How to read C++ types

The readability of C++’s types is terrible, and most beginner tutorials don’t go into detail about how to read them. They at most discuss the difference between top-level const and low-level const. Many of my friends have asked me about this, and I’ve talked about it numerous times. So I thought, why not write a blog post on it?

A common misconception

Before talking about type reading in detail, I’d like to address a common misconception.

Q: What’s the type of a in int a[5]?

A: int[5], and will decay to int* when appropriate.

Q: What’s the type of a in int a[5][6]?

A: int[5][6], and will decay to int(*)[6], the pointer to int[6], when appropriate.

Because of the existence of decay rules, many C++ beginners consider array types and pointer types the same. But they are different.

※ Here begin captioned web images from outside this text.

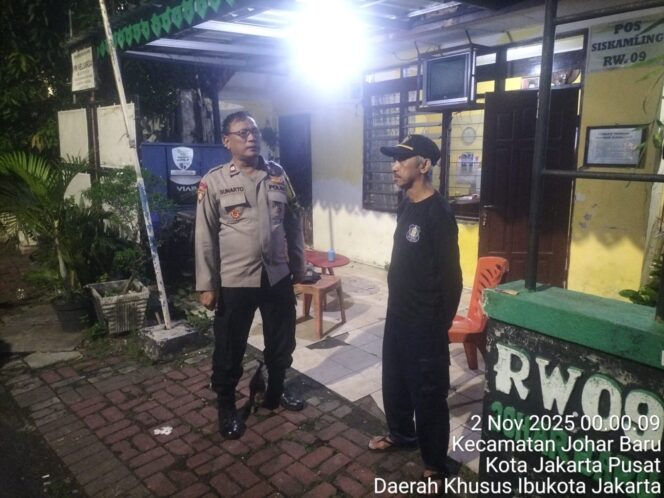 
					Sambang Poskamling, Bhabinkamtibmas Johar Baru Ajak Warga Perkuat Keamanan Lingkungan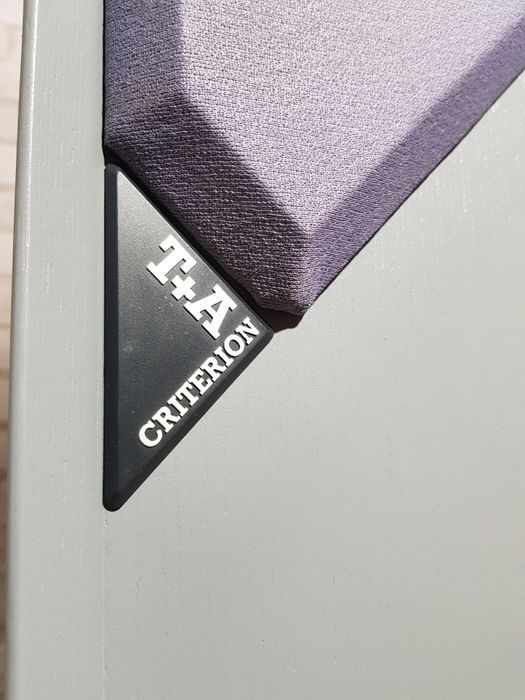 44 кг! Акустика T+A Criterion T-100, потужність 100/150 Вт, б/у з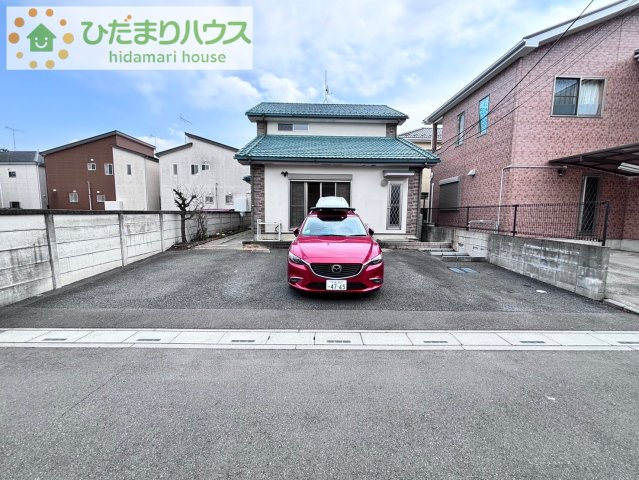 上尾市日の出3丁目　中古一戸建ての駐車場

Similarly, function types will also decay to pointer types. For instance, int(int, int) will decay to int(*)(int, int).

Solving equations

You might have seen some people saying that reading C++’s types is just solving equations. Let me explain this statement.

Leaving aside CVR (const, volatile, reference), the most basic declarations in C++ can be divided into two parts: the type names written on the leftmost are the type specifiers, and the rest are the declarators. These parts are inherited from C. They are the nastiest component of C++ types. These two names are not intuitive, I like to refer them as “return types” and “expressions”, as will be explained later. Let’s first start with a few examples.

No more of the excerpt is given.